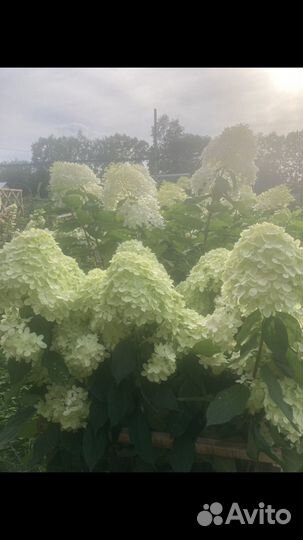 Гортензия метельчатая взрослые кусты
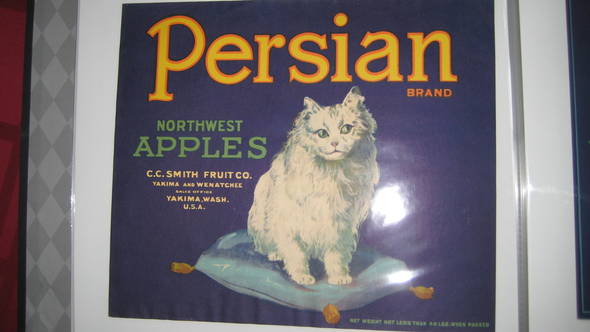 Persion Cat blue no border Fruit Crate Label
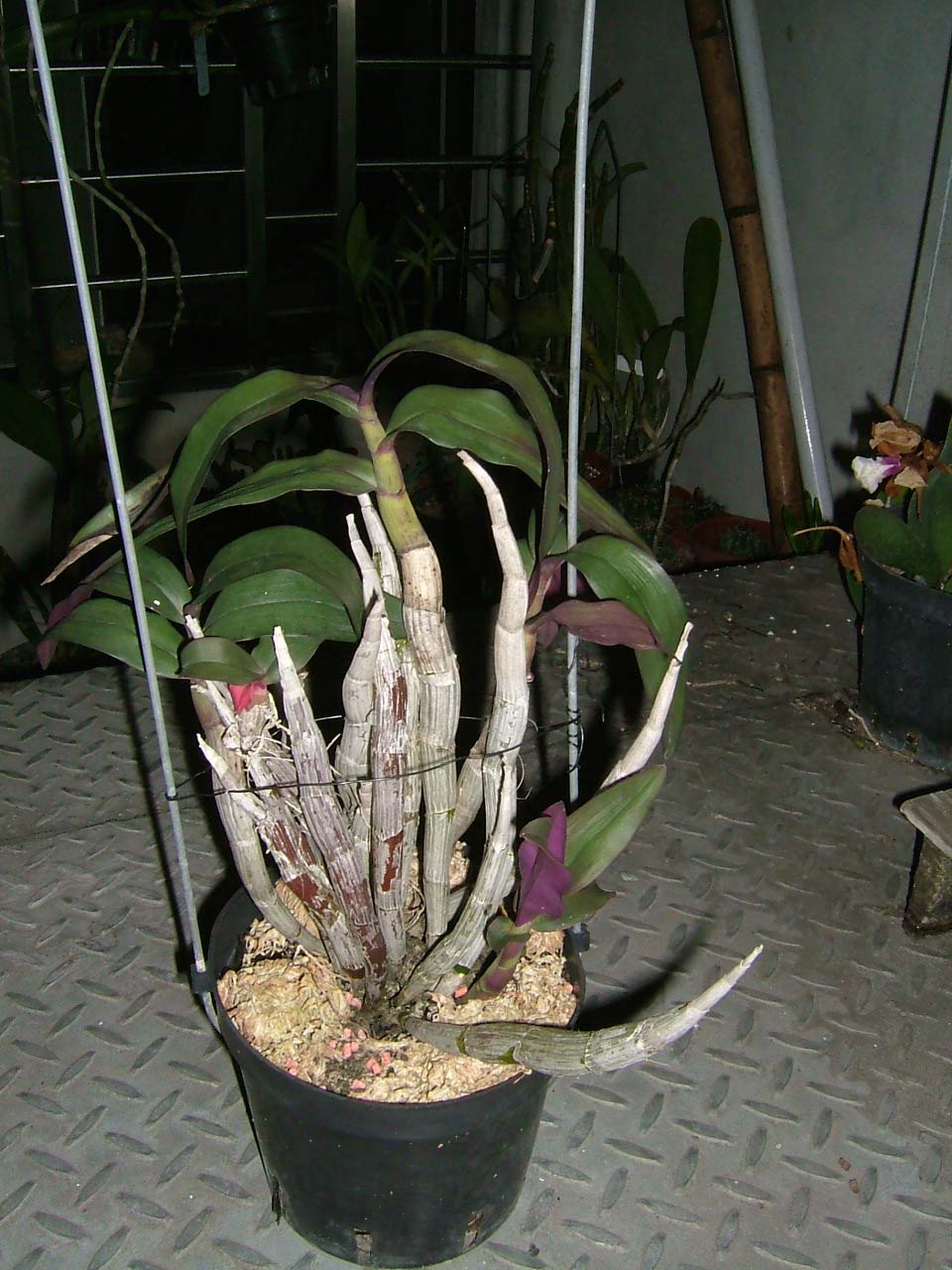 按此在新視窗瀏覽圖片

• • • • • • •

About this task: An exact, picture-free copy of the listing above is the goal; write it out now.

Exercise result:
 Гортензия метельчатая взрослые кусты
 Persion Cat blue no border Fruit Crate Label
 按此在新視窗瀏覽圖片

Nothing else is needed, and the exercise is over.